Wimbledon is in full swing but while the players all keep their eyes on the ball and the fans maintain their focus on the score, we are transfixed by the wonder of the roofs on centre court and court one.
It’s no secret that we love a retractable roof and have individually designed many over the years to cover (or not) tennis facilities as well as swimming pools and industrial warehouses. While the latter benefit from allowing access to cranes and other heavy machinery, the sporting venues benefit from the ultimate all-weather flexibility, letting the outdoors in during the summer months and providing usable space during inclement weather or bad light.
When Andy Murray’s first round match was delayed to allow the roof to close, so play could continue into the evening, he must have breathed a sigh of relief to get 15 minutes to regroup having lost seven games in a row. On a much smaller scale, he would only have had time for a bite of banana and change of ends as our telescopic covers can be retracted electrically on steel rails in under one minute.
Once closed, the humidity control systems at Wimbledon can take a further 45 minutes to create the optimum conditions for play to resume. Ventilation and temperature control also feature in our design considerations but as far as we know, non of our retractable roofs have been the centre of controversy.
In the 2018 Australian Open final, “extreme heat” rules provoked a decision by the tournament director to close the roof. While Roger Federer had been warming up in the Rod Laver arena with the roof closed, Marin Cilic prepared on an outdoor court in 38° heat. With the roof closed, the temperature was much cooler than Marin had got himself acclimatised to at 23°……he lost the match!

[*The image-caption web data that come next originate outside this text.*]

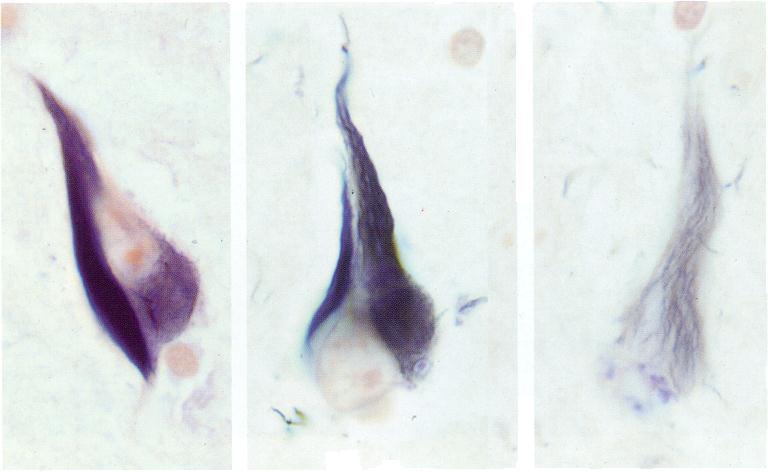 aggregáció: intercellularis Kórosan foszforilált τ-fehérje (1986):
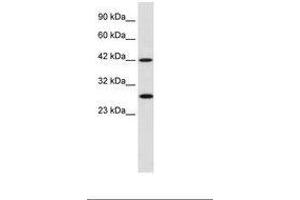 Image no. 1 for anti-Proteasome (Prosome, Macropain) 26S Subunit, Non-ATPase, 4 (Psmd4) (AA 92-141) antibody (ABIN202377) (PSMD4/ASF Antikörper  (AA 92-141))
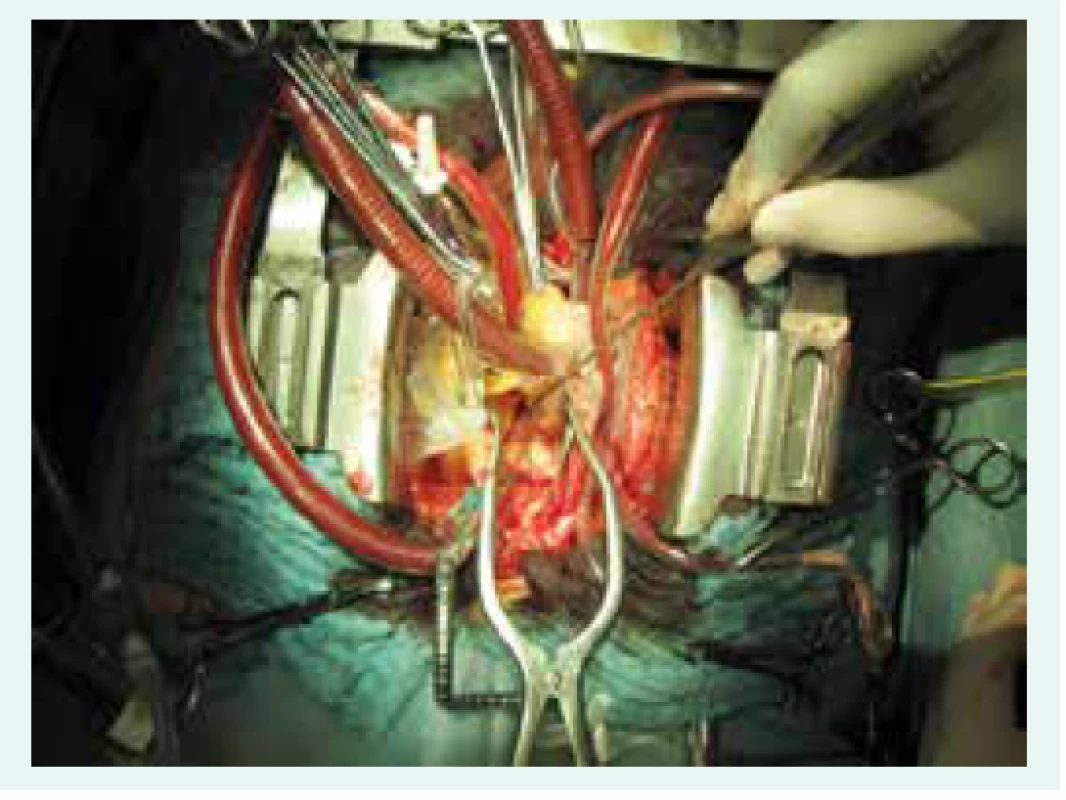 Operační pole v průběhu plicní endarterektomie.
Nástroj směřuje do otevřené obturované
pravé větve plicnice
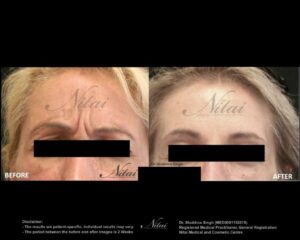 Anti-Wrinkle Treatment BA Image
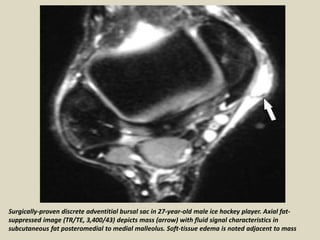 Surgically-proven discrete adventitial bursal sac in 27-year-old male ice hockey player. Axial fat-
suppressed image (TR/TE, 3,400/43) depicts mass (arrow) with fluid signal characteristics in
subcutaneous fat posteromedial to medial malleolus. Soft-tissue edema is noted adjacent to mass
 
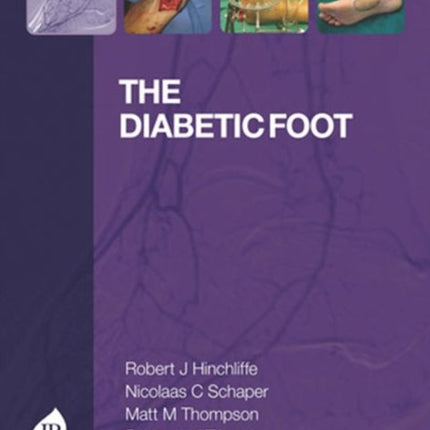 The Diabetic Foot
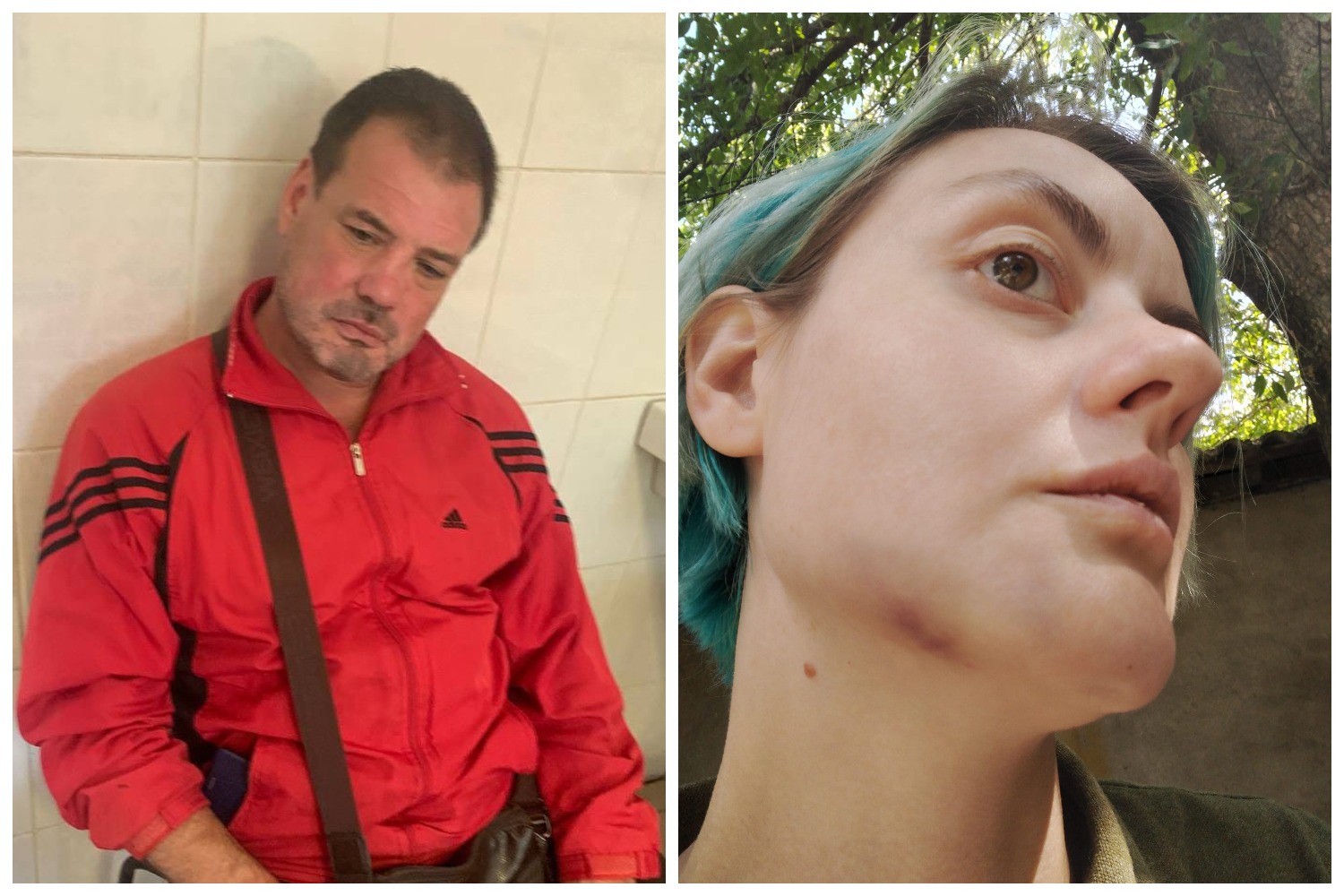 Працівника ТЦК, який побив дружину військового в Ужгороді, звільнили з лав ЗСУ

Whether it was the roof’s fault or whether Roger Federer just happened to be the better player on the day, there is no question that the roof has enhanced our enjoyment of sport simply by allowing it to continue no matter what. We are guaranteed play at Wimbledon this year for the first time on two courts even if our glorious British summer rain makes an appearance and for that reason we feel like raising the roof!